_TASK REQUIREMENTS_. Excluding pictures, transcribe precisely the lines from the one containing "-东口码头·烧鸽子·鱼头泡饼·地方菜(金鹰悦城店)" to the final line of the listing below, inclusive, and nothing more.
#### DATA EXTRACT
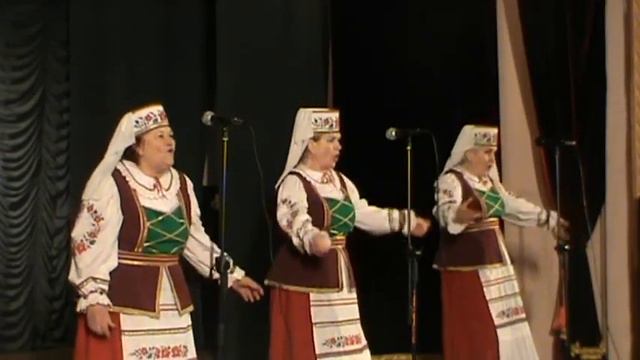 Хор Спявай душа(Гомель) - Крапива-лебеда(трио Весялушкi) смотреть онлайн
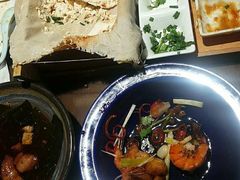 -东口码头·烧鸽子·鱼头泡饼·地方菜(金鹰悦城店)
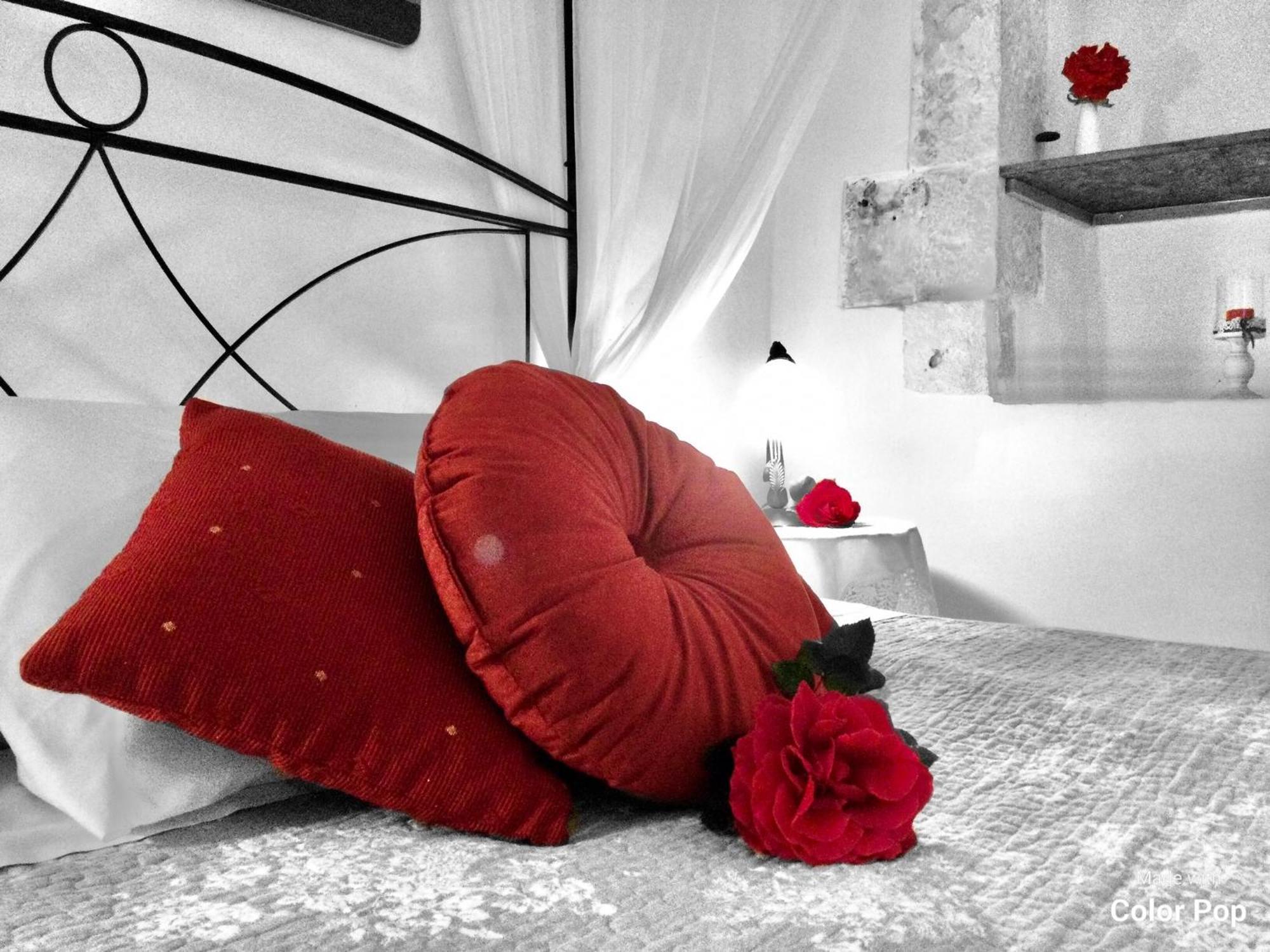 Mirella Charming Bed & Breakfast อัลเบโรเบลโล ห้อง รูปภาพ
########
_TASK ANSWER_.
 -东口码头·烧鸽子·鱼头泡饼·地方菜(金鹰悦城店)
 Mirella Charming Bed & Breakfast อัลเบโรเบลโล ห้อง รูปภาพ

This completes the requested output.